§ Given data
==========
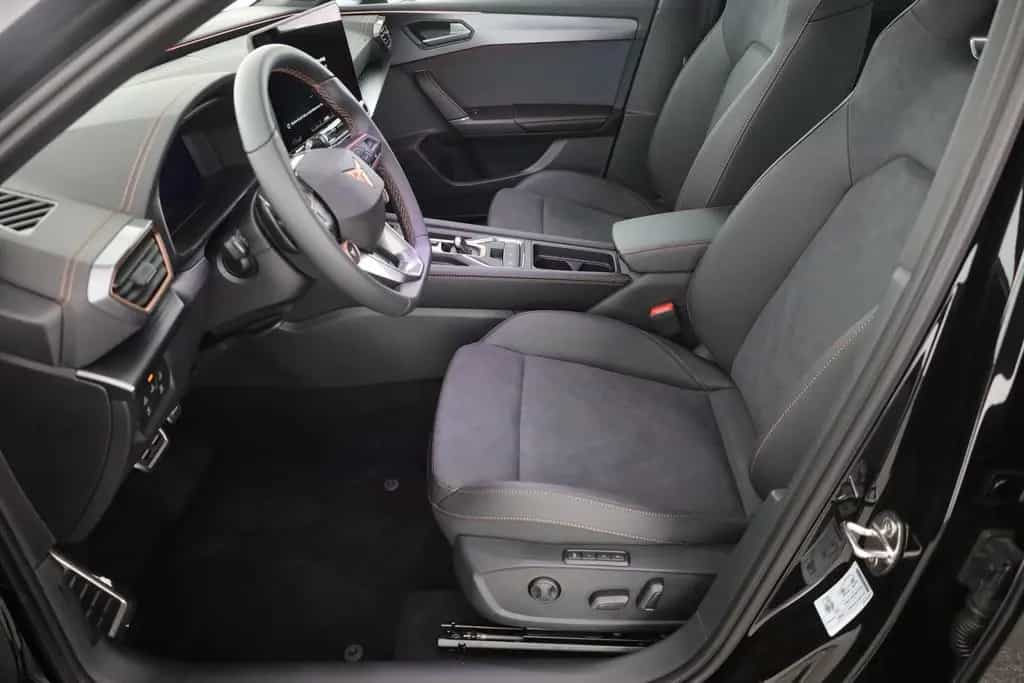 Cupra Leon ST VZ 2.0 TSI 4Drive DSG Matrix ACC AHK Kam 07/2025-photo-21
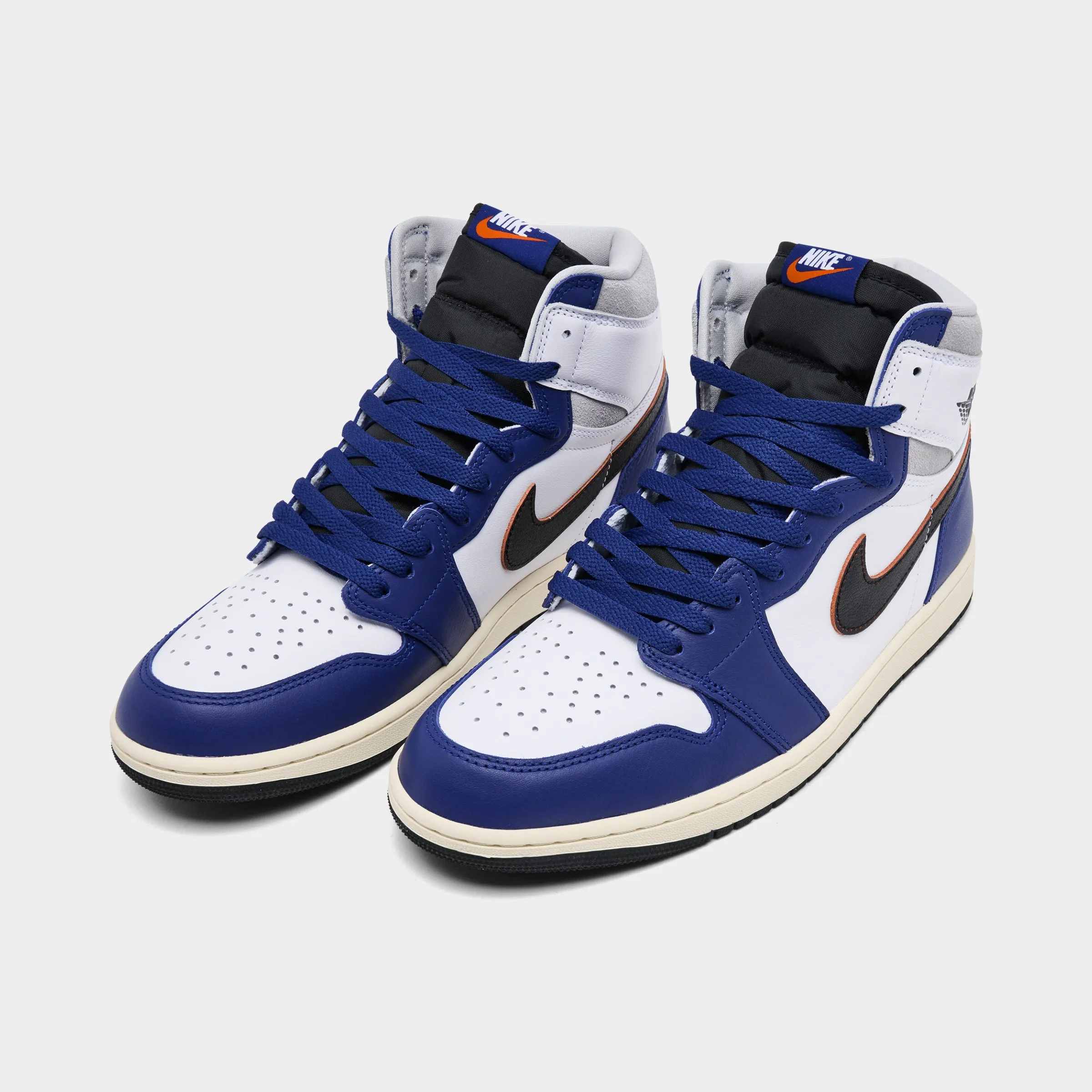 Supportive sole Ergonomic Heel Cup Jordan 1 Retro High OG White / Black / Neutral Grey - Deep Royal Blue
==========
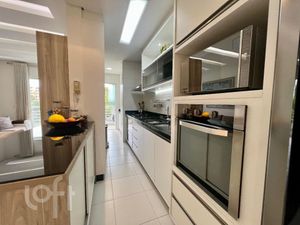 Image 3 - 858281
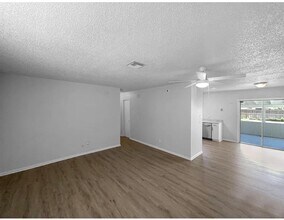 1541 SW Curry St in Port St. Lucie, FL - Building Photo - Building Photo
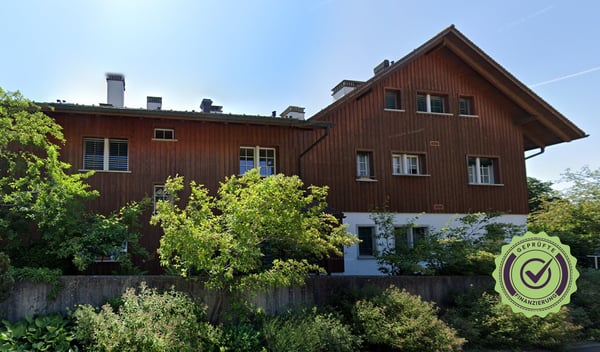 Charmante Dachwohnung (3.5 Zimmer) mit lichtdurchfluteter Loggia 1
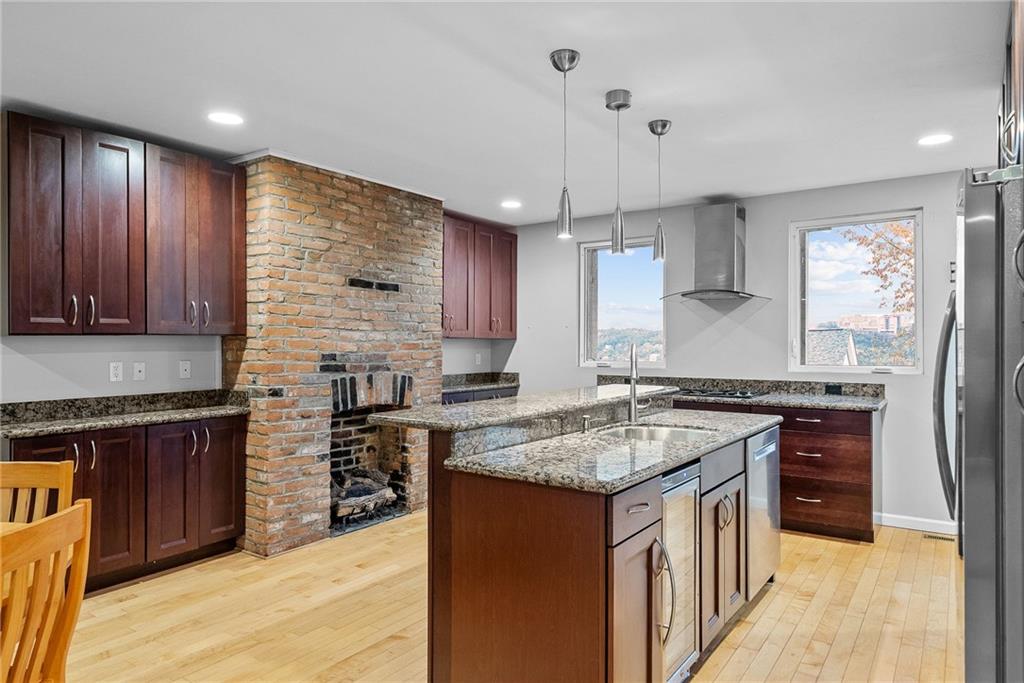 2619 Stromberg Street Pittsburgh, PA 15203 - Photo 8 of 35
==========
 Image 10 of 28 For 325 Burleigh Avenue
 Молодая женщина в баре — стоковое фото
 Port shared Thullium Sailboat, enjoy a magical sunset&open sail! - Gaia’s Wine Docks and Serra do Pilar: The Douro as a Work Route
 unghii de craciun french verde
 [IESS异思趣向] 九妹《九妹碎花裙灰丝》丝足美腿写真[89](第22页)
==========
§ Work required
Beginning with the line holding "Cupra Leon ST" in the material above, restate word for word each line through the line holding "Supportive sole Ergonomic", and exclude pictures.

§ Answer area
 Cupra Leon ST VZ 2.0 TSI 4Drive DSG Matrix ACC AHK Kam 07/2025-photo-21
 Supportive sole Ergonomic Heel Cup Jordan 1 Retro High OG White / Black / Neutral Grey - Deep Royal Blue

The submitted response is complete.